Sono infatti organismi perfettamente adattati all’ambiente estremo in cui vivono e sono i primi a crescere e svilupparsi durante la primavera artica, anticipando gli altri organismi del fitoplancton ed estendendo quindi la stagione di produzione primaria in questa regione. Quando ancora non c’è abbastanza luce perché il fitoplancton possa crescere negli oceani, la popolazione di alghe residenti sul ghiaccio marino rappresenta quindi l’unica fonte di cibo per il resto della catena alimentare di tutto il mar Glaciale Artico.
Utilizzando i risultati dei modelli alla più alta risoluzione temporale disponibile, e confrontando i due periodi temporali 1961-2005 e 2061-2100, gli autori hanno individuato un trend di variazioni lineari lungo la latitudine, per fenomeni fisici, come l’assottigliamento e la riduzione di neve e ghiaccio, o l’accorciamento della stagione del ghiaccio. In particolare, lo studio ha evidenziato una preoccupante riduzione del ghiaccio marino stagionale al di sotto dei 70°N e uno straordinario aumento dell’estensione del ghiaccio marino stagionale a spese del ghiaccio pluriannuale al di sopra dei 70°N.
I ricercatori si sono chiesti allora se i fenomeni di scioglimento precoce fossero anche associati a fioriture algali anticipate, e se variazioni dell’estensione del ghiaccio marino stagionale sarebbero state seguite da una perdita/crescita di tale habitat.
Come spesso si osserva in natura, gli autori hanno osservato una risposta alquanto più complessa, non lineare, da parte delle alghe che vivono sul ghiaccio marino.
«Alle basse latitudini (al di sotto dei 66°N) — spiega Enrico Scoccimarro — domina la riduzione dello spessore di neve nel fornire più luce e favorire la crescita delle alghe; alle medie latitudini (66°N–74°N) la variazione in termini di produzione primaria è negativa ma non pronunciata, perché viene anticipato sia il periodo di crescita sia il periodo di scioglimento del ghiaccio; alle alte latitudini (oltre i 74°N) domina lo spostamento della crescita algale dall’autunno verso l’estate, un periodo più favorevole in termini di luce disponibile. Questo comporta un aumento significativo della produzione primaria a queste latitudini. In generale ci aspettiamo un aumento della produzione primaria relativa alle alghe che si sviluppano sul ghiaccio marino di circa il 50% alla fine del secolo rispetto al recente passato».
Questi risultati indicano che gli impatti dovuti alla riduzione del ghiaccio marino nell’Artico sulla produzione primaria delle popolazioni algali che risiedono in questo ambiente saranno ingenti e complessi, così come le ripercussioni sul resto della catena alimentare.

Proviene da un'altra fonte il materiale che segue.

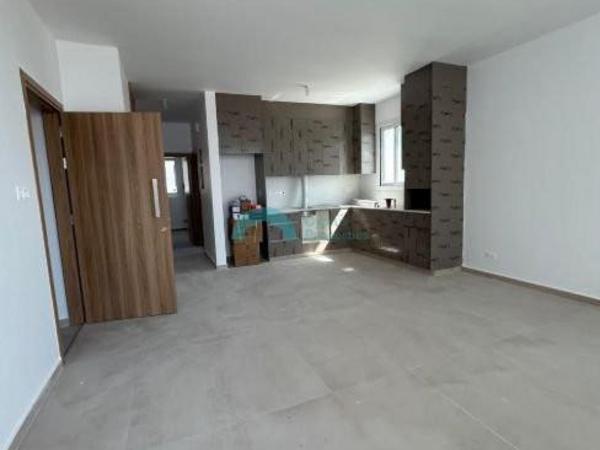 2 bedroom penthouse for sale faneromeni larnaca 1796526 image 7140024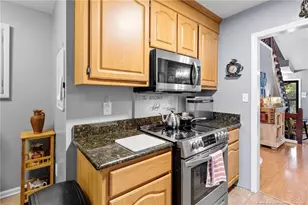 1912 Havilah Rd, Fayetteville, NC 28303 - Photo 10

In particolare, possiamo aspettarci le maggiori variazioni temporali alle basse latitudini, dove si prevedono fioriture algali in anticipo, mentre le maggiori variazioni nell’abbondanza sono previste alle alte latitudini, dove è previsto il più grande incremento della biomassa.
Dal momento che la rete alimentare marina nell’Artico è corta, scarsamente diversificata e determinata a livello stagionale da limitate quantità di energia, queste variazioni attese possono potenzialmente influenzare negativamente anche i livelli trofici più alti, dall’abbondanza degli stock ittici alla disponibilità di cibo per balene, foche e orsi polari, mettendo a rischio la sopravvivenza di alcuni super-predatori endemici (e particolarmente dipendenti dal ghiaccio marino) al vertice della catena alimentare.
La Fondazione Cmcc ha direttamente contribuito allo studio, fornendo inoltre i forzanti fisici utilizzati per le simulazioni di scenario effettuate con il modello biogeochimico. Cmcc-Cm e Cmcc-Cms, due modelli sviluppati dal Cmcc e menzionati nello studio, hanno partecipato al progetto Cmip5 (Fifth Coupled Model Intercomparison Project), i cui risultati sono stati alla base del Quinto Rapporto di Valutazione Ipcc (AR5). Il Cmcc è ora attivo nello svolgimento delle simulazioni di scenario per il prossimo Cmip6 (tramite il modello Cmcc-Cm2) utili alla stesura del prossimo rapporto Ipcc (AR6).